In another company, also in the UK, where racism thrives like ivy on a horse chestnut, an employee said her journey to work on the tube was so busy ‘it was packed like a train to Auschwitz’. An official complaint led to no action at all and the throwaway comment that ‘she was just being silly’. I wondered if racism and anti-semitism like that would still be able to make sense as we become less present in physical form - skin color, hair type, eye shape, face features? Will the conscious associations - which are automatic only in people unwilling to change - be lessened by distance? Can falling trees in forests be black or Jewish or Asian?

In another company in the center of London, age played a profound and hypocritical role in daily business. On one strong and smooth-skinned hand, older age was associated with wisdom, experience, expertise, and a cool head. On the other, shaky, wrinkled and arthritic one, it was laughed at in jokes about sexual stamina, the ability to travel long distances, or simply climb stairs, and the higher probability of forgetfulness and repetition.

With virtual communication now becoming the norm, and the fact that you don’t typically show your hands on video calls, will age begin to have less importance? Could anyone guess the ages of virtual recipients emailing each other about cyber security or creative advertising content or artificial intelligence?

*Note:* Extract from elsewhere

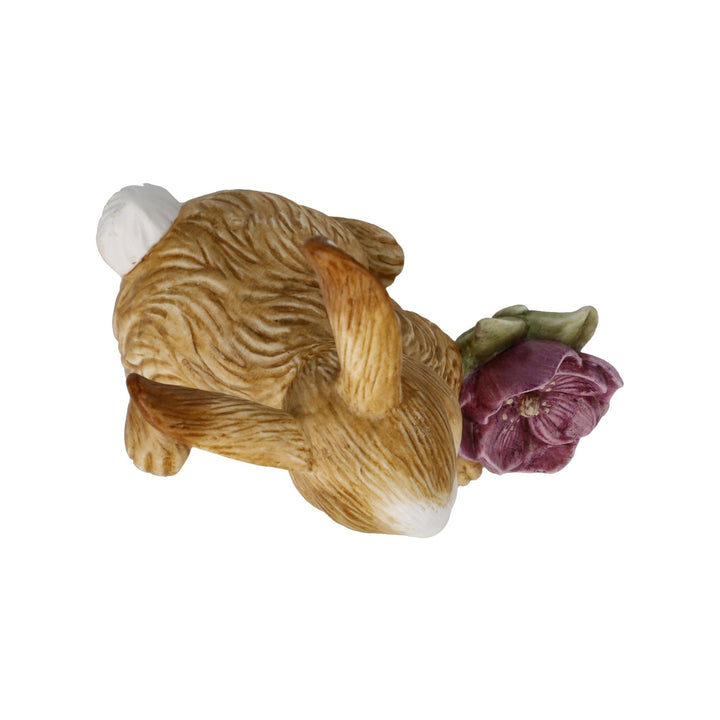 66845681 - Goebel Ostern Hase 'Jahreshäschen 2024' 2024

And what of that guy on the second floor, who would always smile when someone made a joke about weight or body shape? I know he was only smiling because he had no choice, his job depended on it. And, so many people had laughed at him over the years for not having our ‘perfectly-aligned social construction of the normal body’ that he’d just got used to it. But now all we’ll ever see is his head and shoulders, so is there hope for him and millions of other ordinary-shaped humans that sizeism might ease some?

We probably won't know the answers to whether isms are on their way out thanks to virtual working for some time. But managers will need now to rely on the trust we place in our colleagues to do the job they were hired for, rather than pre-determining ability and fit based on what they look like.

Trust is the key here I think. Berkeley knew that too. He moved to Rhode Island in 1728, with the promise of government funds for a college, but without his physical presence and his “persuasive energies”, the Prime Minister Robert Walpole “grew steadily more sceptical and lukewarm” and reneged on the offer. Anyone who’s worked remotely before can feel Berkeley’s pain keenly.

And so he moved back to the UK in 1732, and hung a photo of his favorite thinking chair on the stark wall of his little cubicle at the office.